European Business Wallet for SMEs: what changes administratively
For SMEs operating within the EU, the European Business Wallet for SMEs could meaningfully simplify administration. Small and medium-sized enterprises make up 99 percent of all businesses in the European Union, and they are the ones who feel the impact of fragmented national procedures most when operating across borders. The European Commission expects the European Business Wallet for SMEs to structurally reduce hassle around onboarding, tenders, and permit applications.
What the European Business Wallet for SMEs actually offers
With a European Business Wallet, businesses can digitally prove their own identity and instantly verify that of others. The wallet makes it possible to create, store, and share trusted documents such as permits, licences, and certificates. Documents can be digitally signed, timestamped, or sealed. Businesses can also delegate others to act on their behalf with legal effect, and communicate securely with other businesses or public administrations through a single digital channel.
Less paperwork in onboarding, tenders, and permits
According to the European Commission, a single digital identity combined with a single communication channel toward public administrations means businesses operating across the EU experience up to 26 times less hassle than today. Actions that currently require paper or in-person handling gain the same legal effect when carried out digitally through the wallet. That affects processes that are especially time-consuming for SMEs: onboarding new customers and suppliers, going through tender procedures, applying for permits, and compliance checks such as anti-money-laundering (AML) procedures. Because the necessary data is available digitally and across borders, the need to be physically present or repeatedly resend documents disappears for many of these processes.

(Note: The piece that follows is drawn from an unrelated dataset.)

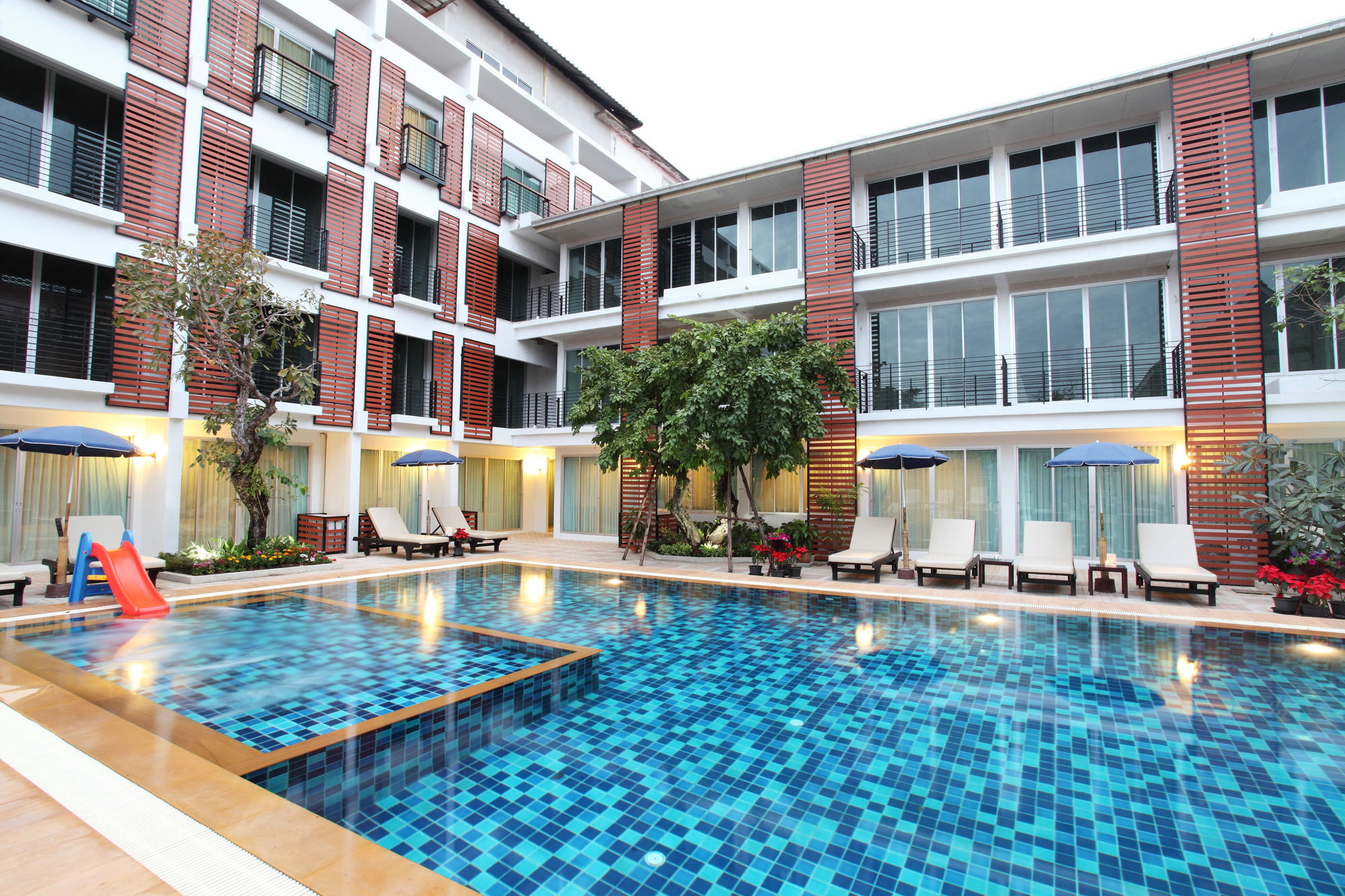 Paradise Hotel Udonthani Екстер'єр фото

What the numbers say about the savings
The European Commission estimates that simplification measures around the European Business Wallet could save up to €5 billion in administrative costs by 2029. For European businesses as a whole, the wallet could unlock at least €160 billion in savings every year. Because SMEs make up by far the largest group of businesses in the EU, a substantial share of those savings lands with exactly the businesses that have the least budget for legal and administrative overhead.
Voluntary for businesses, mandatory for public administrations
A key principle of the legislative proposal is that use of the European Business Wallet remains voluntary for businesses. The obligation in the regulation applies solely to public sector bodies, which must be able to accept the wallet’s core functions. For SMEs, this means you can decide for yourself when and to what extent you adopt the European Business Wallet, without it becoming an obligation in the near term. At the same time, the more public administrations and larger trading partners accept the wallet, the greater the practical benefit becomes for businesses that use it.
Practical guide: what SMEs can do now
- Track the regulation: follow the development of the legislation and the expected implementation deadlines, so you are not caught off guard by obligations from public administrations you work with.
- Map your processes: identify which parts of your business still require heavy paperwork or repeated identity checks, such as customer onboarding or tenders.
- Choose future-proof software: when selecting service providers, consider compatibility with digital identity solutions.
- Secure your e-invoicing: make sure your process via Peppol is in order. The European Business Wallet does not replace this network, but may sit alongside it as an identity layer in the future.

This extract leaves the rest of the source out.